Web page caption snippets:
────────────────────

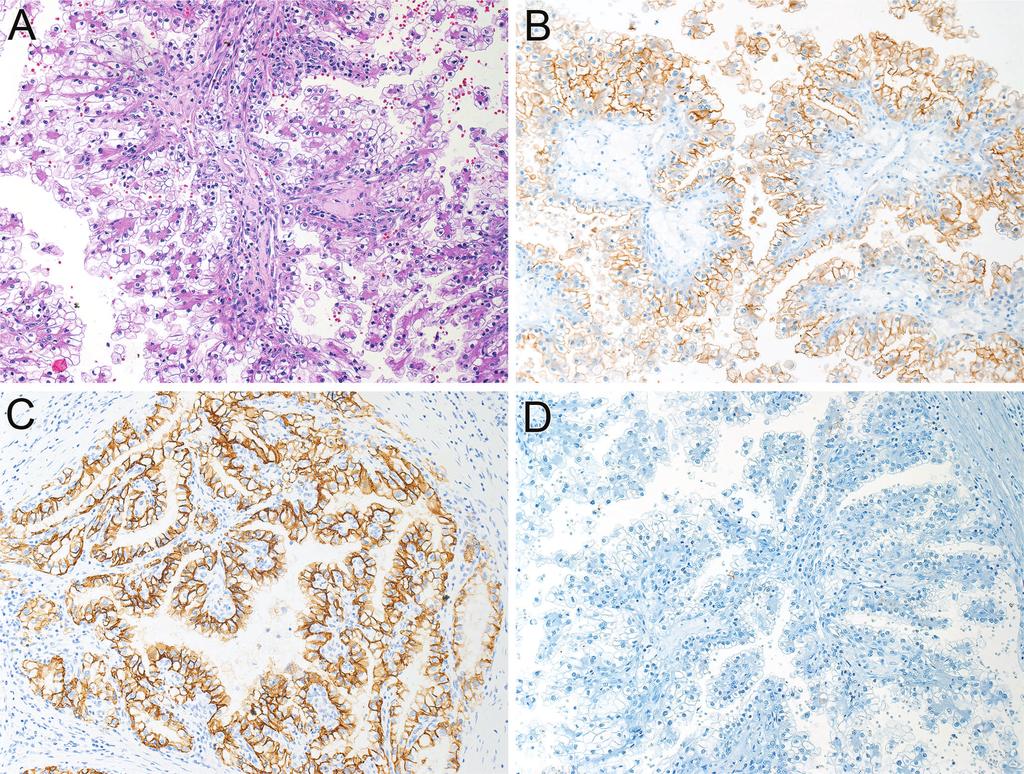 Figure 1. Clear cell renal cell carcinoma. A, True papillary formation with clear cells projecting into cystic spaces. B, Membranous CD10 labeling. C, Diffuse complete membranous CAIX labeling.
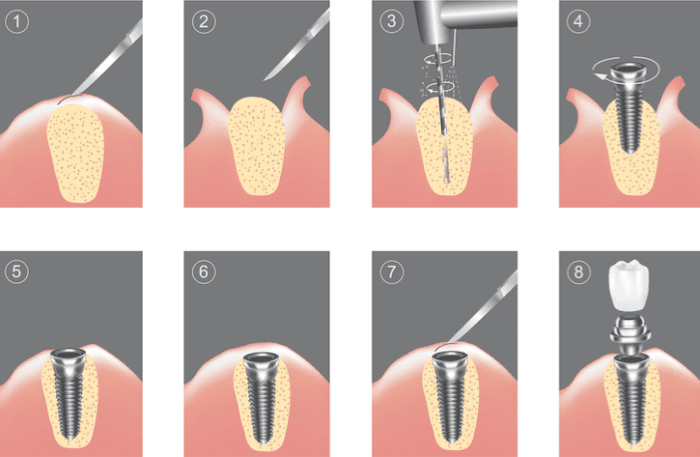 dental implant procedure fullerton ca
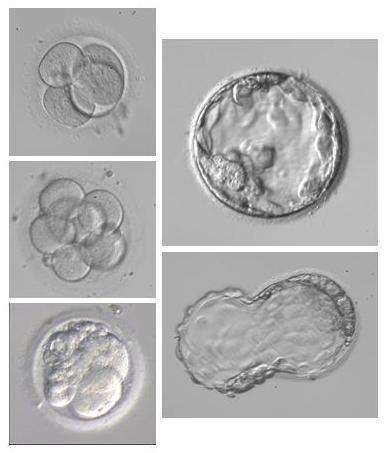 Embryo culture and development, embryo transfer After insemination or microinjection, the oocytes are cultured in petri dishes, either in an open system in approximately 0.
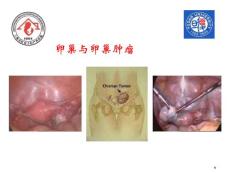 卵巢与卵巢肿瘤PPT课件.ppt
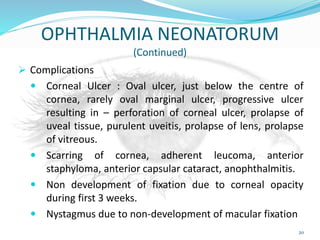 OPHTHALMIA NEONATORUM
(Continued)
 Complications
 Corneal Ulcer : Oval ulcer, just below the centre of
cornea, rarely oval marginal ulcer, progressive ulcer
resulting in – perforation of corneal ulcer, prolapse of
uveal tissue, purulent uveitis, prolapse of lens, prolapse
of vitreous.
 Scarring of cornea, adherent leucoma, anterior
staphyloma, anterior capsular cataract, anophthalmitis.
 Non development of fixation due to corneal opacity
during first 3 weeks.
 Nystagmus due to non-development of macular fixation
20
 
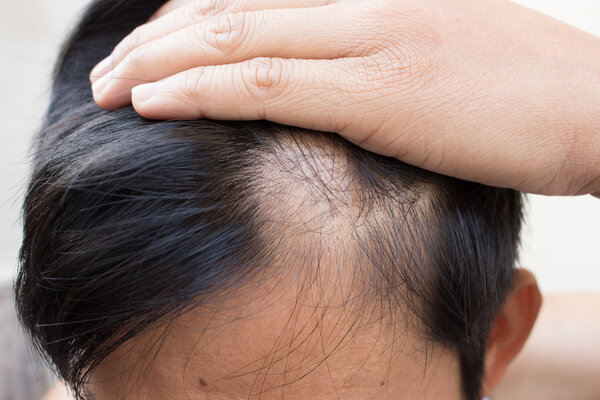 宋亚轩凡尔赛式脱发是什么？雄激素性脱发的原因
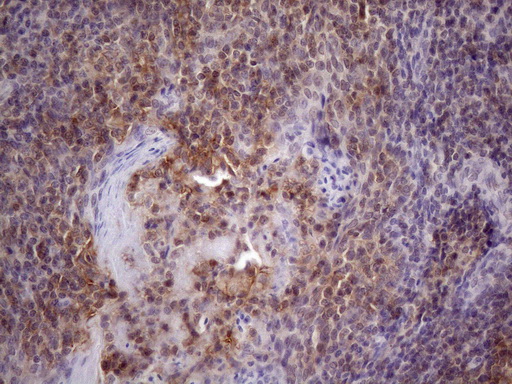 CD40 Antibody - IHC of paraffin-embedded Human tonsil using anti-CD40 mouse monoclonal antibody. (Heat-induced epitope retrieval by 1 mM EDTA in 10mM Tris, pH8.5, 120°C for 3min)(1:150).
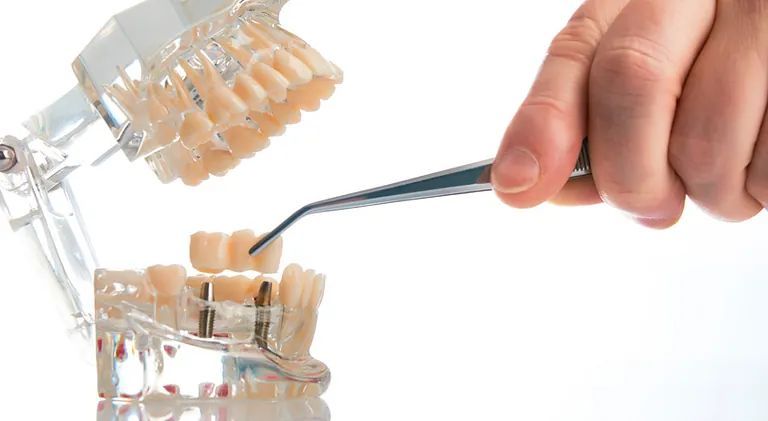 Una persona sostiene un par de pinzas sobre un modelo de dientes.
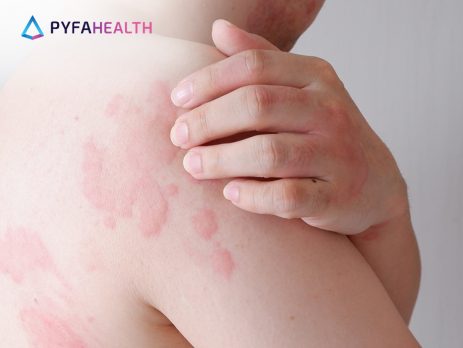 cara menghilangkan biduran dengan cepat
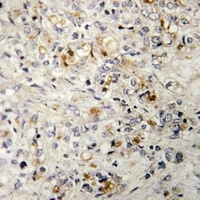 Anti-OVOL1 Antibody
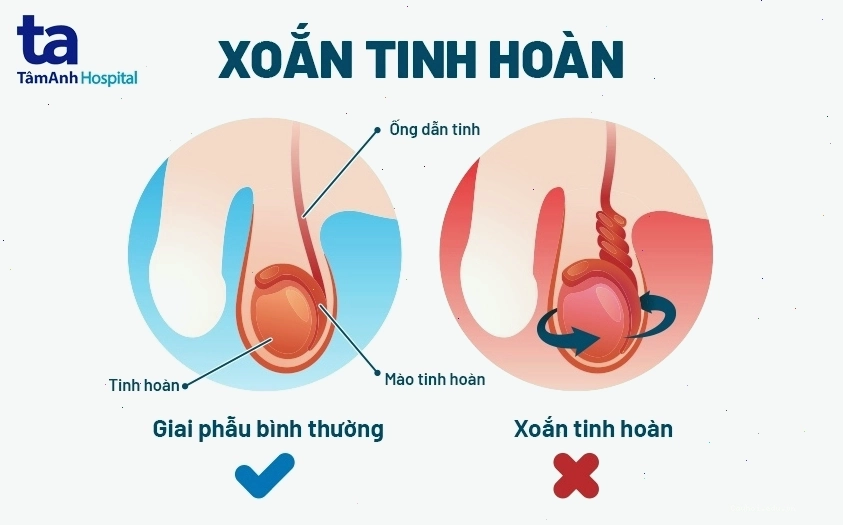 Thăm khám bác sĩ chuyên khoa khi có dấu hiệu xoắn tinh hoàn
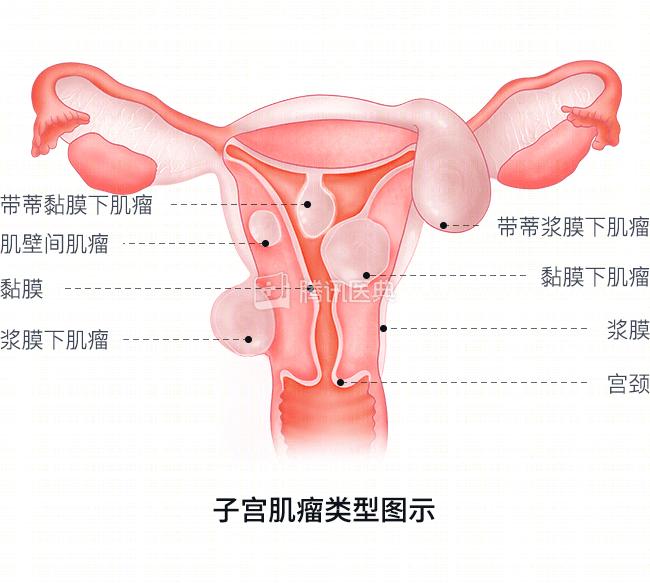 怀孕23周子宫位置图图片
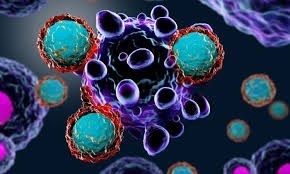 Thảo luận về Orca-T, một liệu pháp tế bào mới có thể thay ghế ghép tế bào gốc tạo máu đồng loại (alloHSCT)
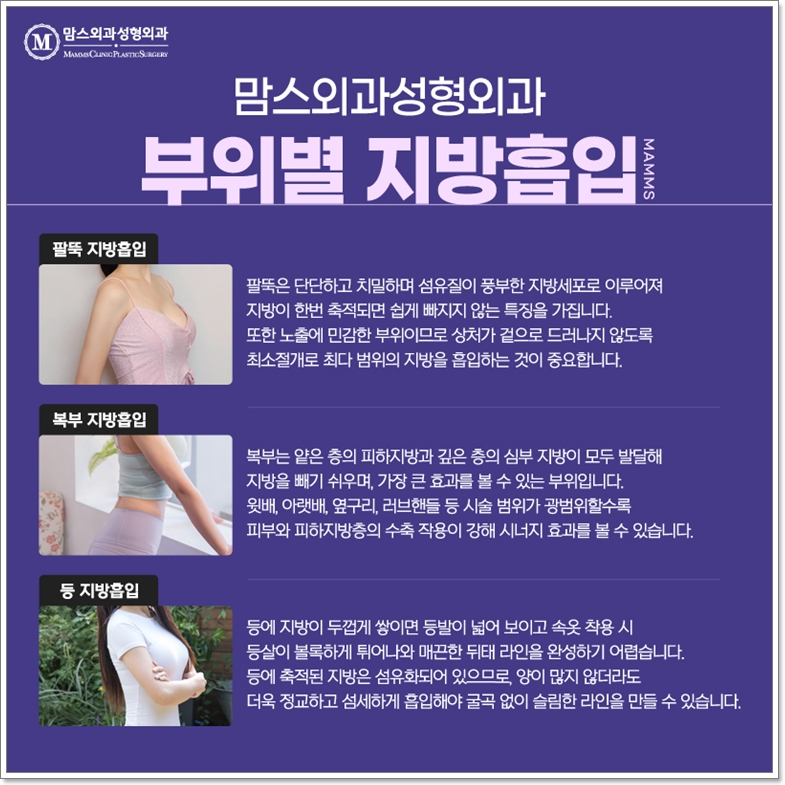 뱃살지방흡입 이럴 때도 추천한다? 관련 이미지 4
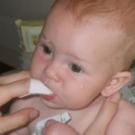 Какво е млечница в устата при новородени и как да се лекува
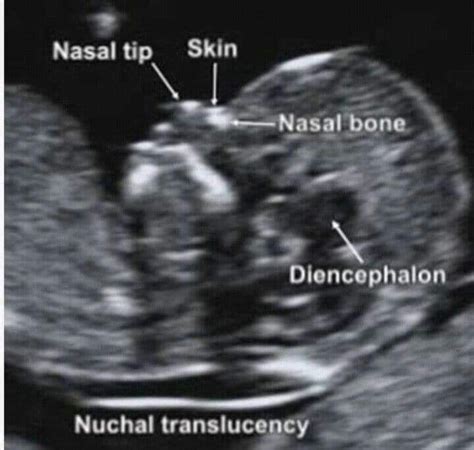 Nuchal Translucency Chart Measurements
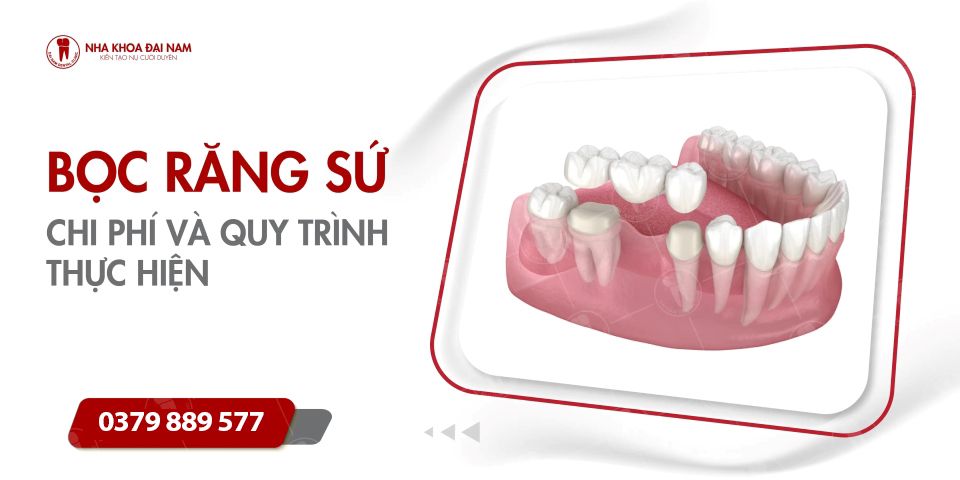 Bọc răng sứ | Giá, Thời Gian, Loại Sứ Tốt Và Quy Trình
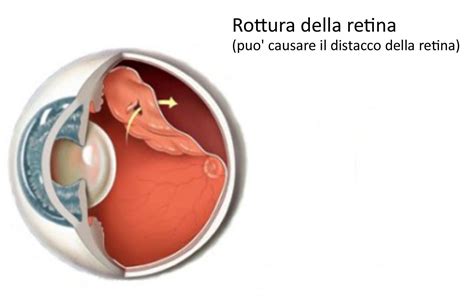 Malattie Delle Retina Degenerazione Maculare Rimedi Lombardi Eye Clinic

────────────────────

Task requirements:
What are the lines in the records above, word for word, from the one containing "(Continued)" through the one containing "宋亚轩凡尔赛式脱发是什么？雄激素性脱发的原因", both ends included and pictures left out?

Output of the exercise:
(Continued)
 Complications
 Corneal Ulcer : Oval ulcer, just below the centre of
cornea, rarely oval marginal ulcer, progressive ulcer
resulting in – perforation of corneal ulcer, prolapse of
uveal tissue, purulent uveitis, prolapse of lens, prolapse
of vitreous.
 Scarring of cornea, adherent leucoma, anterior
staphyloma, anterior capsular cataract, anophthalmitis.
 Non development of fixation due to corneal opacity
during first 3 weeks.
 Nystagmus due to non-development of macular fixation
20
 
 宋亚轩凡尔赛式脱发是什么？雄激素性脱发的原因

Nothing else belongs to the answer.